Dichiarazione di moralità per l’amministratore cessato dalla carica dopo la pubblicazione del bando (Art. 38 d.lgs. n. 163/2006)

lui232Consiglio di Stato, Sez. V, 27.12.2013 n. 6271

(sentenza integrale)

Secondo la società appellante, l’art. 38 del d. lgs. n. 163 del 2006, nel prevedere per i soggetti cessati dalla carica l’obbligo della dichiarazione del pregiudizio penale, farebbe riferimento ai soli soggetti cessati dalla carica nell’anno antecedente la data di pubblicazione del bando e, trattandosi di norme di stretta interpretazione, ne sarebbe consentita solo l’interpretazione letterale.

L’assunto è infondato.

Deve ritenersi che rispetto agli obblighi di cui all’art. 38 del d.lgs. n. 163 del 2006, la data della pubblicazione del bando di gara costituisce il discrimine temporale che definisce sia i soggetti in carica sia quelli cessati, imponendo le dichiarazioni di rito ad entrambe le categorie con riferimento quindi tanto alla situazione esistente a quella data quanto a quella antecedente.

Tale onere dichiarativo rimane quindi indifferente al mutamento, dopo il giorno di pubblicazione dell’atto indittivo, delle persone nelle cariche sociali e negli incarichi previsti dalla norma (in termini cfr. TAR Puglia, Bari, sez. I, 6 luglio 2011, n. 1022; TAR Puglia, sezione distaccata di Lecce, 23 giugno 2012, n. 1134).

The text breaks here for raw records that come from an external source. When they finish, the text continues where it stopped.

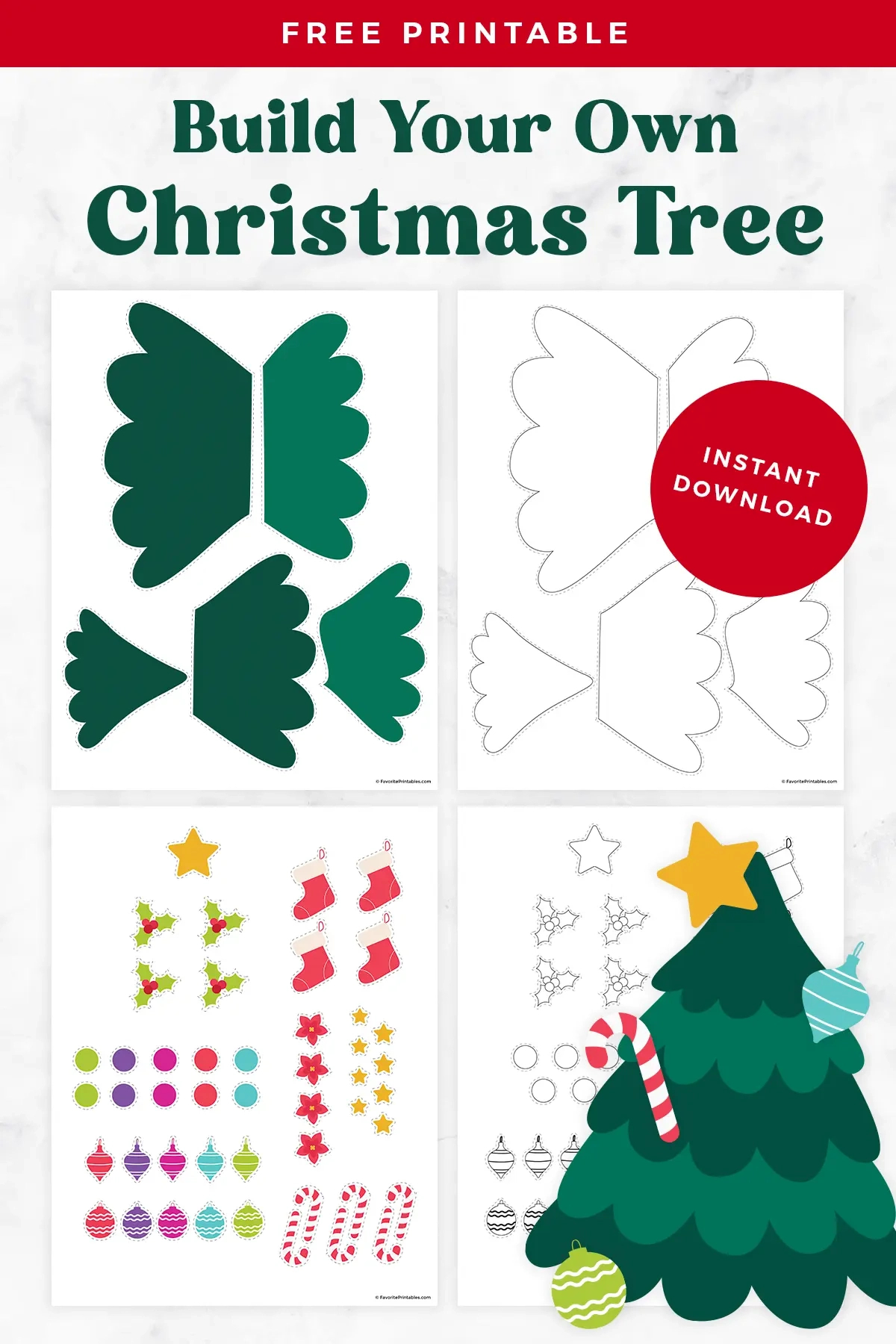 Free Printable Build A Christmas Tree Cutout - Favorite Printables within Cut Out Free Printable Christmas Cutouts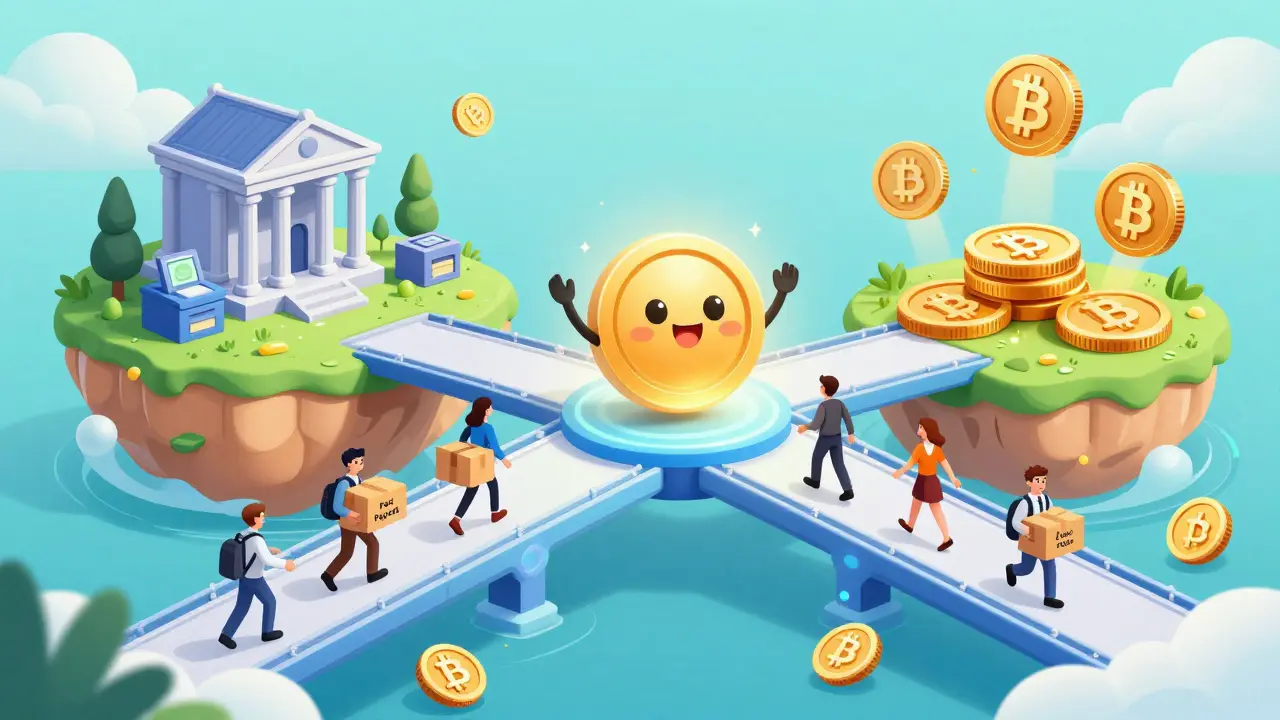 Illustration of Cryptomus bridging traditional finance and crypto assets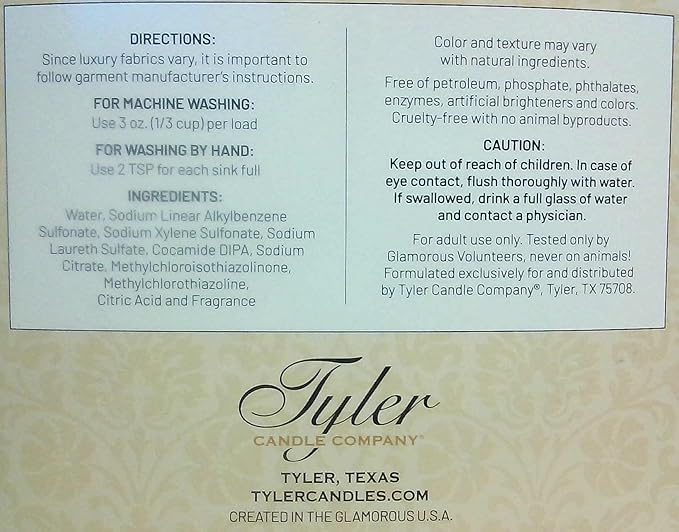 Tyler Candle Wash Diva 64 Fl Oz Laundry Detergent/w Dryer Sachet Single Pouch os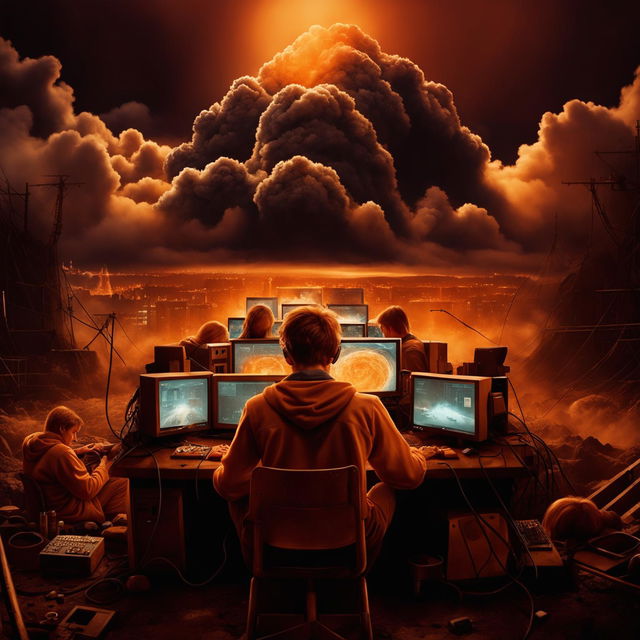 A 2024 movie poster with an orange background featuring young adults, around 24 years old, creating a computer game in an old German bunker, with a volcanic ash cloud approaching Wrocław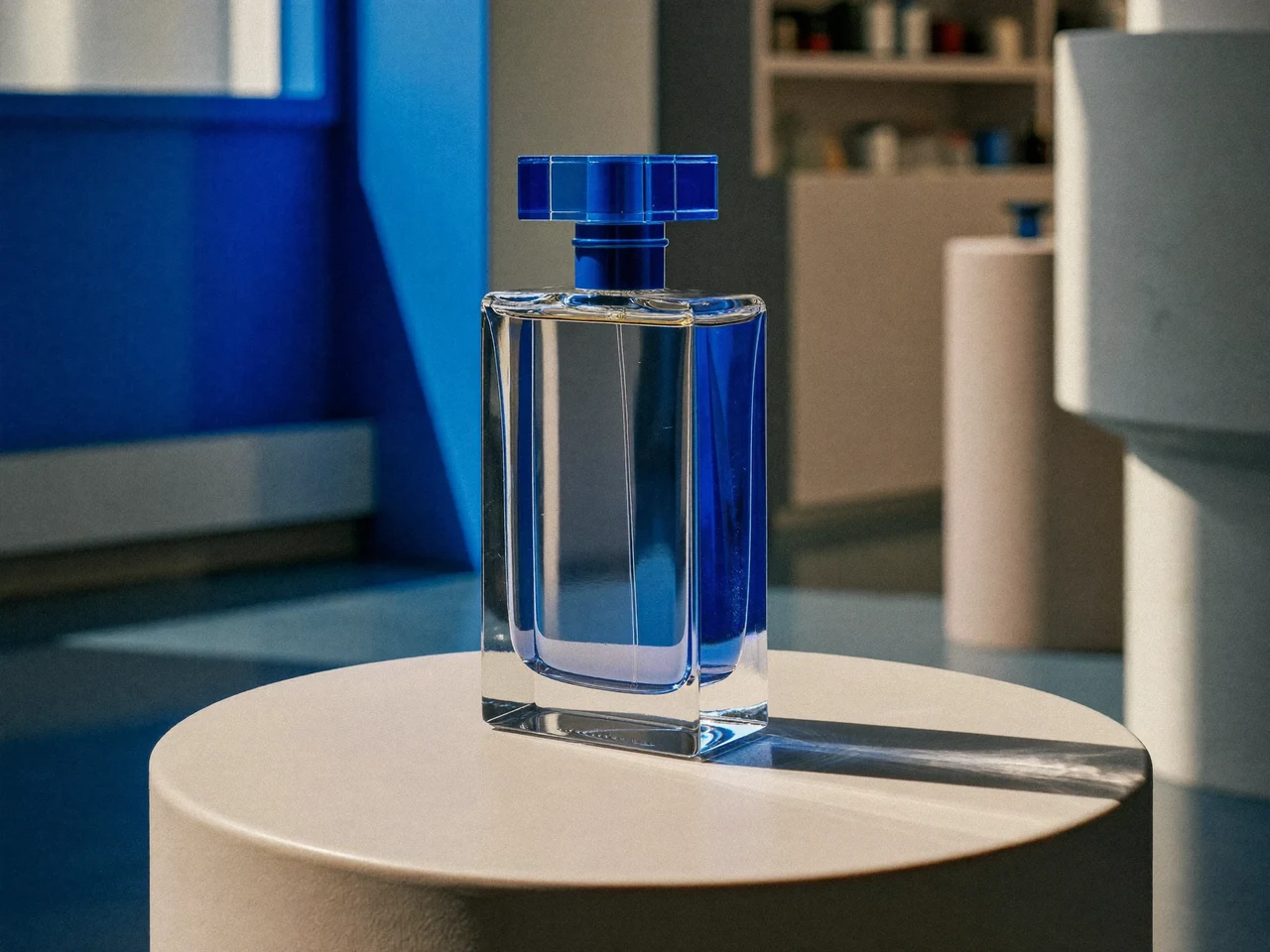 En klar parfumeflakon på en mat piedestal i en minimalistisk butik med koldt blåt lys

Ne consegue che è priva di consistenza giuridica la tesi dell’appellante secondo la quale il soggetto cessato dalla carica nel periodo tra l’indizione del bando e la presentazione dell’offerta non sarebbe tenuto a rendere la dichiarazione del pregiudizio penale.

Tale prospettazione presuppone l’esistenza di una vacatio tra l’indizione del bando e la presentazione dell’offerta, una specie di zona neutra che non trova ragione né nella ratio della norma né nell’interpretazione letterale, atteso che la norma non individua i soggetti tenuti alla dichiarazione del pregiudizio penale esclusivamente in coloro che sono amministratori muniti di poteri rappresentativi al momento dell’offerta, sicché non può che farsi riferimento alla data di indizione del bando.

Ne consegue che la società appellante avrebbe dovuto presentare la dichiarazione di moralità dell’amministratore cessato dalla carica dopo la pubblicazione del bando di gara, dovendosi interpretare il richiamo all’art. 38 operato dal disciplinare di gara come comprensivo di tale obbligo.

Parimenti priva di fondamento è la tesi difensiva con cui controparte sostiene che l’omessa dichiarazione potesse essere sanata dalla produzione in giudizio del certificato del casellario giudiziale nel quale non risultano annotate condanne a carico del suddetto amministratore.

La teoria del c.d. “falso innocuo”, cui fa riferimento l’appellante, non può operare laddove trattasi di assenza di dichiarazioni previste dalla legge e dal bando a pena di esclusione.

D’altra parte non è ravvisabile nella lex di gara alcuna carenza che possa aver indotto in errore circa l’obbligo della dichiarazione, sì da giustificare una tardiva produzione documentale.

Invero la ricorrente si sofferma sulla disposizione della lex di gara riguardante la dichiarazione dei soggetti cessati dalla carica nell’anno antecedente la data di pubblicazione del bando e non considera i soggetti in carica alla data di pubblicazione del bando, tra i quali rientra per l’appunto il signor XXX.

Sono di conseguenza non pertinenti i richiami contenuti in ricorso a quella giurisprudenza che ammette l’integrazione delle dichiarazioni rese in conformità del bando e dei moduli da essa predisposti, riguardando fattispecie del tutto diverse da quella qui in questione.

Sotto altro profilo non può essere sottovalutata la differenza sostanziale tra il certificato dei carichi pendenti e la dichiarazione ex l. n. 445 del 2000 di inesistenza del pregiudizio penale, atteso che il certificato del casellario giudiziale rilasciato ai privati non contiene tutte le condanne eventualmente comminate all’interessato, mancando quelle per le quali è prevista la non menzione, tra le quali le condanne di tipo contravvenzionale per le violazioni delle norme di sicurezza sul lavoro, che sono normalmente rilevanti nella materia dei pubblici appalti.

Per le ragioni esposte l’appello deve essere respinto, con conferma della sentenza di primo grado, anche per quanto attiene la statuizione di improcedibilità del ricorso principale.